GIVEN DATA START

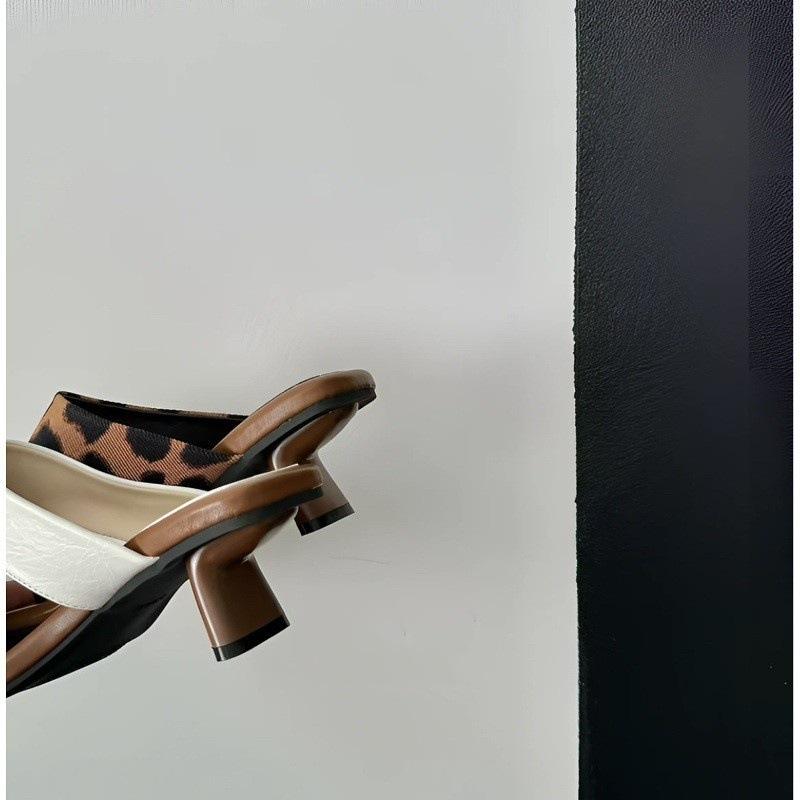 Xia Xin Leopard Print Metal Buckle Cover Toe High Heel Sandals Fashion Outer Wear Temperament Beach Toe Slippers Women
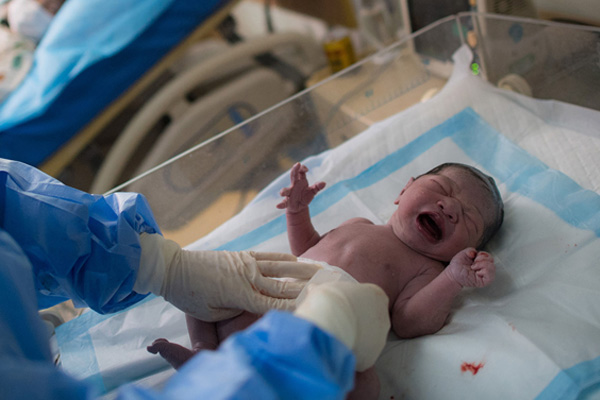 İran'da iki haftalık bir bebekte koronavirüs tespit edildi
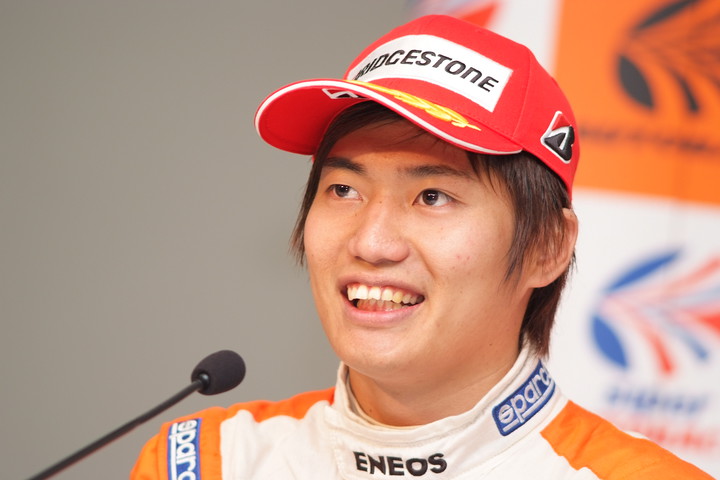 スーパーGT決勝レース2記者会見: GT500クラスで優勝した大嶋和也（ENEOS SUSTINA SC430）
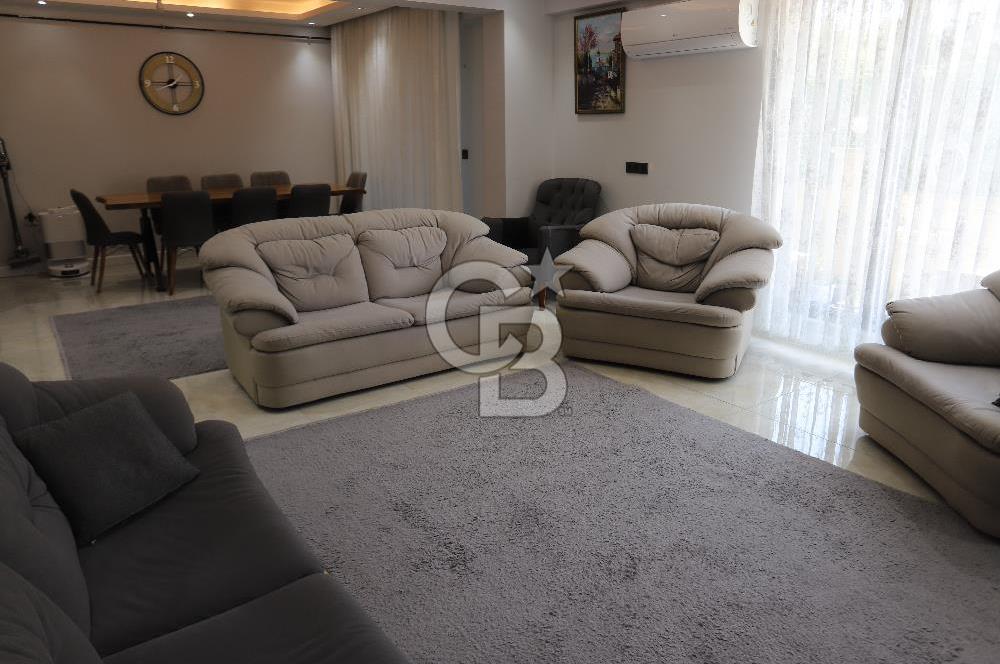 KARAPINAR'DA PRESTİJLİ SİTE İÇERİSİNDE 210 m² TRİPLEKS VİLLA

GIVEN DATA END

EXERCISE REQUIREMENTS: Leaving out the pictures, output the listing above exactly as given.

RESPONSE TO THIS TASK:
 Xia Xin Leopard Print Metal Buckle Cover Toe High Heel Sandals Fashion Outer Wear Temperament Beach Toe Slippers Women
 İran'da iki haftalık bir bebekte koronavirüs tespit edildi
 スーパーGT決勝レース2記者会見: GT500クラスで優勝した大嶋和也（ENEOS SUSTINA SC430）
 KARAPINAR'DA PRESTİJLİ SİTE İÇERİSİNDE 210 m² TRİPLEKS VİLLA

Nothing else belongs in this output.